Charley Roloff, Carl Unger, and Bob Liposky designed and constructed the Breezy in 1964. An instant success from the beginning, the Breezy made its first appearance at the EAA fly-in convention at Rockford, Illinois, in 1965. The new airplane created a sensation by giving rides from morning until night, with people always clamoring for more. For the designers, the Breezy clearly met its design criteria — a simple and fun airplane.
The Breezy used a set of Piper PA-12 wings and a factory new Continental C-90-8 engine with a special pusher crank. The original propeller was still being used after 800 hours and the engine was on only its second set of spark plugs. With an empty weight of 698 pounds, the prototype consistently out-performed other Breezys. Carl did much of the welding on the airplane himself. The 10-gallon fuel tank, which Carl also built, lasted the entire time the Breezy was flying.
Carl flew the Breezy at fly-in demonstrations and recreationally for 25 years. Many thousands of people took rides with Carl in the Breezy, including an FAA Administrator Sen. Barry Goldwater, actor Cliff Robertson, and an entire Concorde crew. People loved flying in the Breezy because it was elemental and safe and the flight provided a thrill unmatched by any other experience.
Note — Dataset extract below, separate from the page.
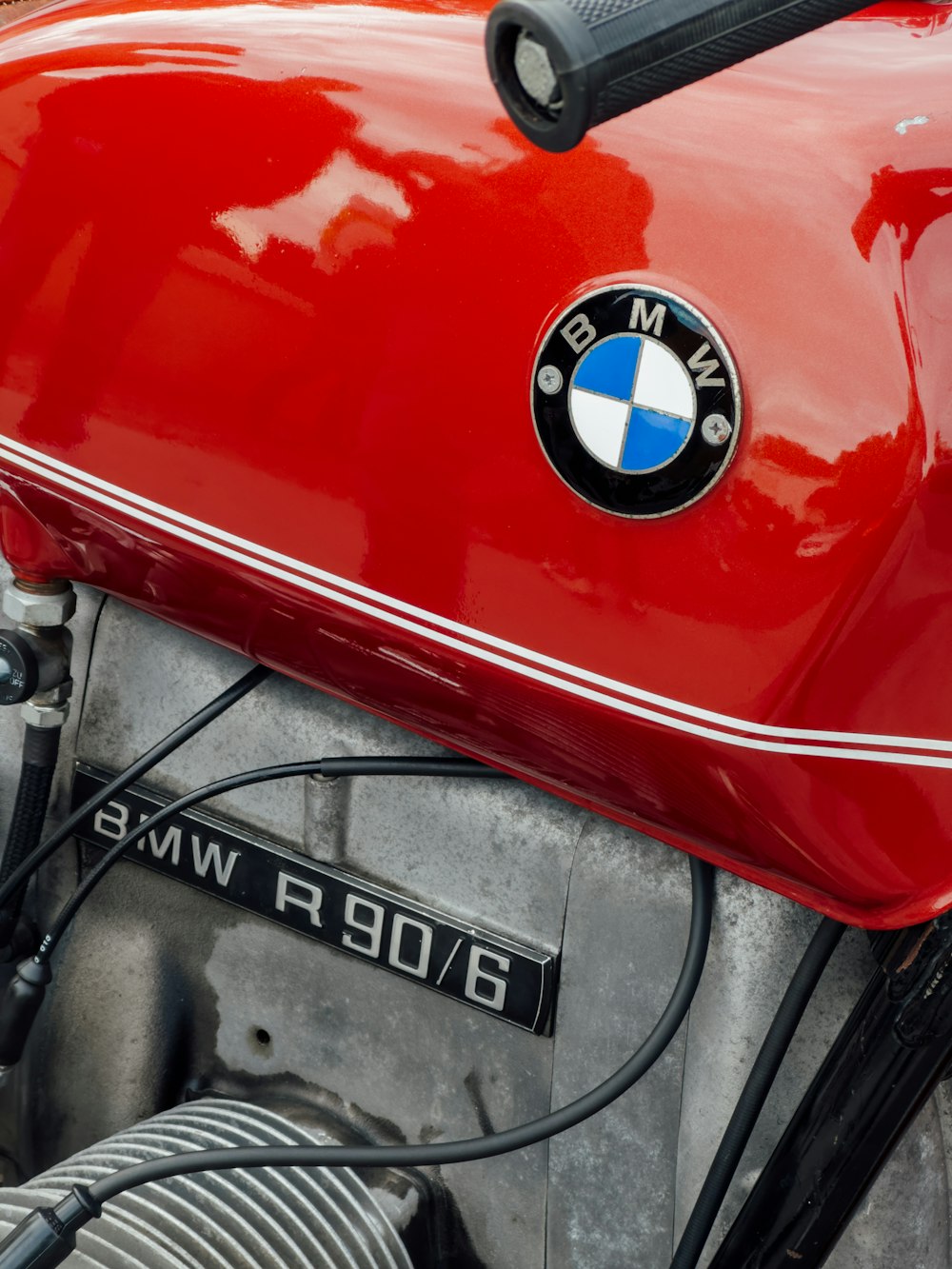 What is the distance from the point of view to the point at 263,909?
3.17 ft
The Breezy was one of the most universally recognized aircraft to emerge from the EAA movement. Charley’s design and Carl’s construction proved to create a very popular airplane with EAA members. After 25 years, Carl decided to donate his prototype Breezy to the EAA Aviation Museum. In October 1990, Carl flew the famous red and white Breezy to Oshkosh and touched down for the last time on the runway at EAA’s Pioneer Airport.